In the early days of industrial design, the work was primarily focused upon physical products. Today, however, designers work on organizational structure and social problems, on interaction, service, and experience design. Many problems involve complex social and political issues. As a result, designers have become applied behavioral scientists, but they are woefully undereducated for the task. Designers often fail to understand the complexity of the issues and the depth of knowledge already known. They claim that fresh eyes can produce novel solutions, but then they wonder why these solutions are seldom implemented, or if implemented, why they fail. Fresh eyes can indeed produce insightful results, but the eyes must also be educated and knowledgeable. Designers often lack the requisite understanding. Design schools do not train students about these complex issues, about the interlocking complexities of human and social behavior, about the behavioral sciences, technology, and business. There is little or no training in science, the scientific method, and experimental design.

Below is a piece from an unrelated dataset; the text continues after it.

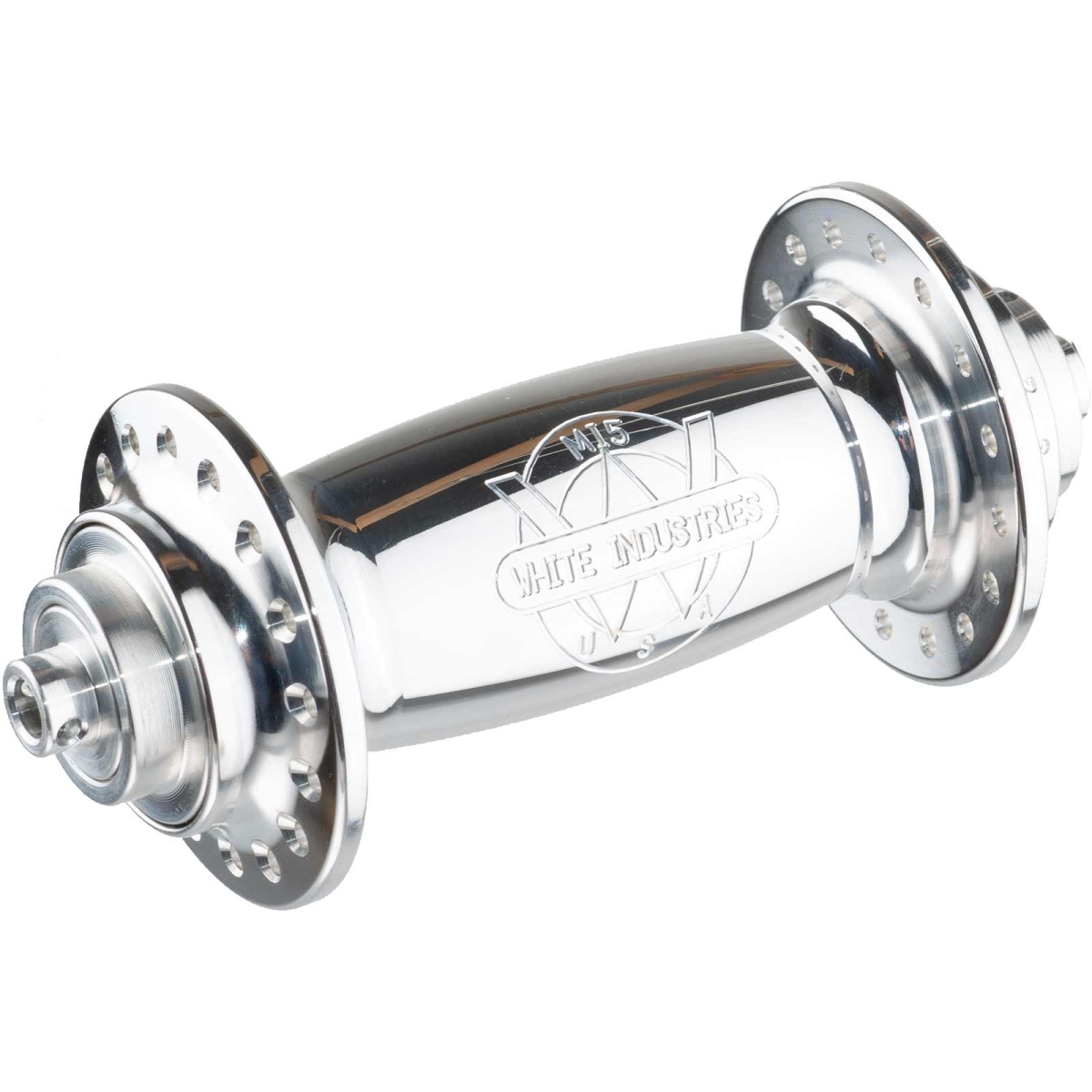 White Industries Vorderradnabe M15 Rim-Brake | SSP 9x100mm 36 Loch Silber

My reaction to Don’s commentary is that in focusing solely on design education, he may be looking at too narrow a solution space.

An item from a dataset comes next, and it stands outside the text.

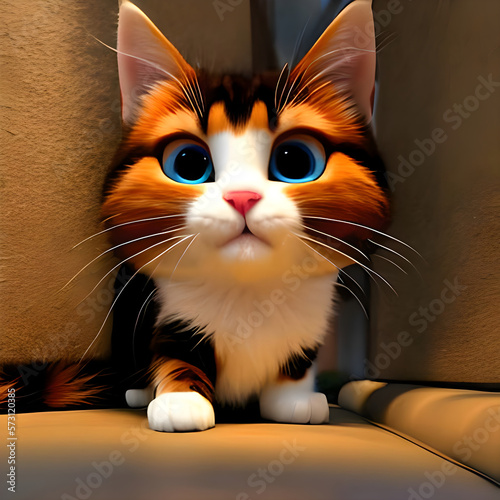 Cute Cat with blue eyes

The complexity of many problem spaces being tackled by contemporary designers, with physical, technological, psychological, cultural, and organizational factors to be understood and leveraged in creating solutions, necessitates a multidisciplinary approach. It’s usually not realistic to expect one or even several people to possess adequate knowledge and experience across so many domains, so this would suggest taking a team approach — at least including appropriate experts as advisors to a core team.
If the designer is posited as the ringmaster of this effort, then the primary skill set starts to become one of broad familiarity with a variety of domains/disciplines and skilled facilitation of conversation and work across these areas, coupled with the ability to express the ideas that emerge from this effort in a variety of physical and narrative forms. Is this really the province of just the designer, or is this a wider issue?
Perhaps what’s needed is not so much a new approach to the designer. Perhaps it’s a new emphasis on the idea of collaboration as the natural way of doing things, and an increased obligation on experts of all sorts to also be skilled contributors to these types of collaborative efforts.
It’s always worth broadening the designer’s knowledge base, but what might a “collaboration curriculum” look like — one that could be implemented across many domains and disciplines? Could that yield more bang for the buck?